Flooding and echoes of Lagdo

 Natural disasters are what they are: natural disasters. That is, they are mishaps caused by forces of nature beyond the remit of man to control. The best man can do is mitigate the effects through response strategies – first, to minimise the incident impact; and then, to recover in its aftermath. But some natural disasters are facilitated more by human failings than sheer tyranny of elemental forces. The floods currently ravaging many areas of Nigeria are of this kind.

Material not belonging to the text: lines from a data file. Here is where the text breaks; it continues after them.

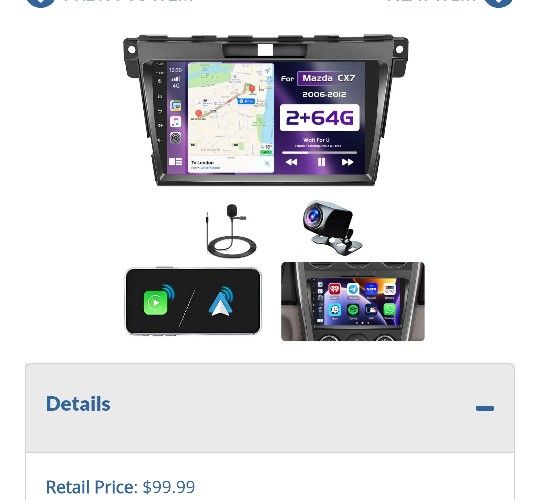 SU8784: Roinvou 2G64G for Mazda CX7 2 Car Radio with Wireless CarplayAndroid Auto 9 Inch Android 13 IPS Touch Screen Car Stereo Bluetooth GPS W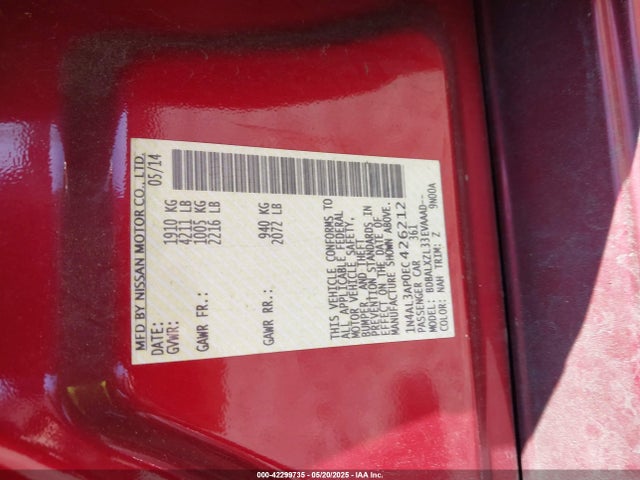 1N4AL3AP0EC426212 Nissan Altima 2.5 Sl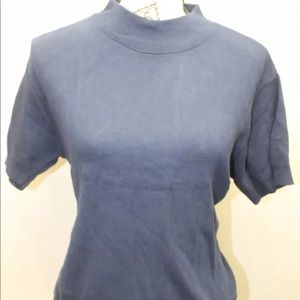 Emblem Cotton Blue Turtle Neck Women Blouse Shorts Sleeve Large Canada Made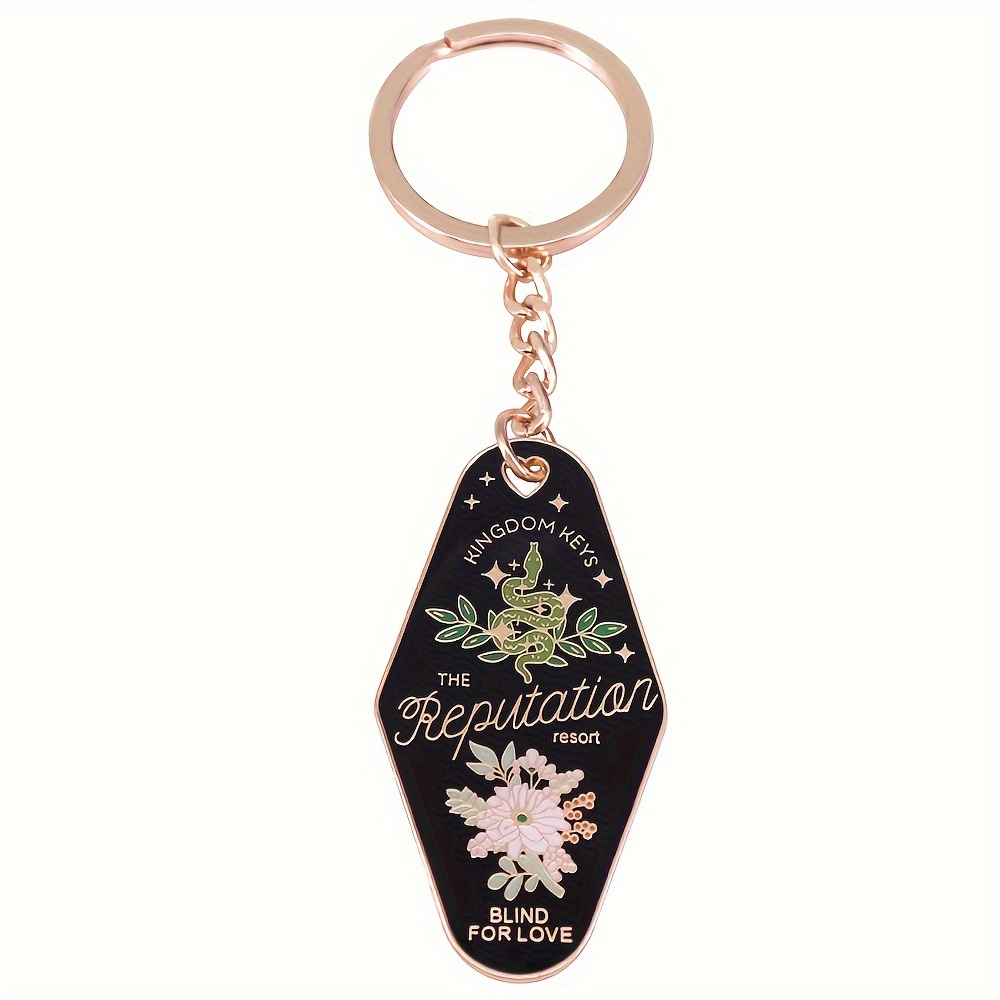 

Enamel Snake & Flowers Keychain - Metal Motel Key Design, Plant Theme, Decorative Ring Buckle For Keys, Thanksgiving Day Gift, Single Piece - Family Keychain For Love & Music Enthusiasts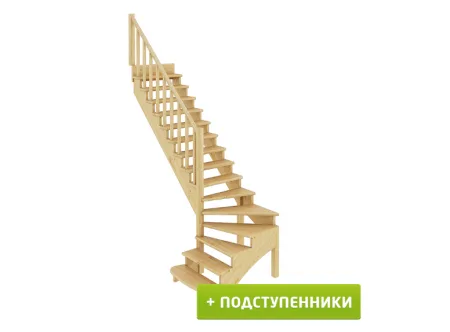 Лестница К-001м/3 с подступенками Л бук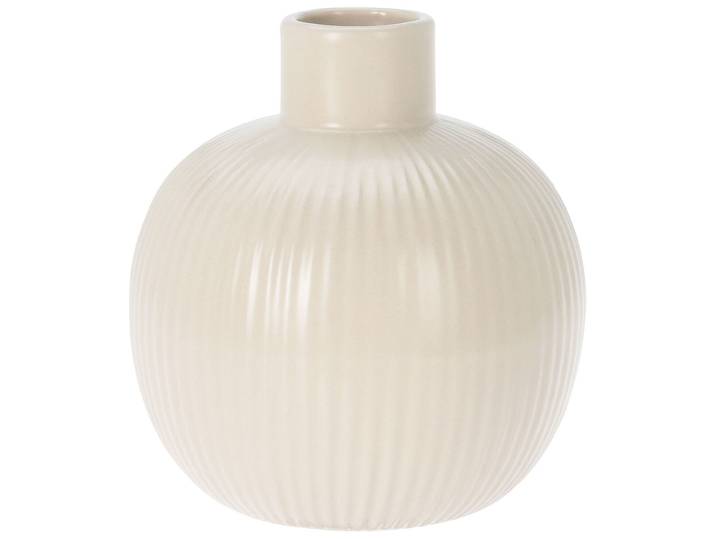 Keramikvase, beige, edle Blumenvase lasiert, 11 x 13 cm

More than 600 persons are confirmed dead and nearly two million displaced in the flooding that has overwhelmed 33 of Nigeria’s 36 states and the Federal Capital Territory (FCT). Houses and farmlands have been submerged or washed away in Abia, Adamawa, Anambra, Bayelsa, Bauchi, Benue, Borno, Delta, Ebonyi, Edo, Gombe, Imo, Jigawa, Kano, Kebbi, Kogi, Niger, Plateau, Sokoto, Yobe, Taraba and Zamfara states as well as the FCT, among others. Government lately put on record that more than 2.5million persons were affected nationwide as of 16th October. “The number of houses that are partially damaged is 121,318; the number of houses that are damaged is 82,053; farmlands that are partially damaged, are 108,392 hectares, while damaged farmlands are 332,327 hectares,” Humanitarian Affairs Minister Sadiya Farouq told journalists in Abuja.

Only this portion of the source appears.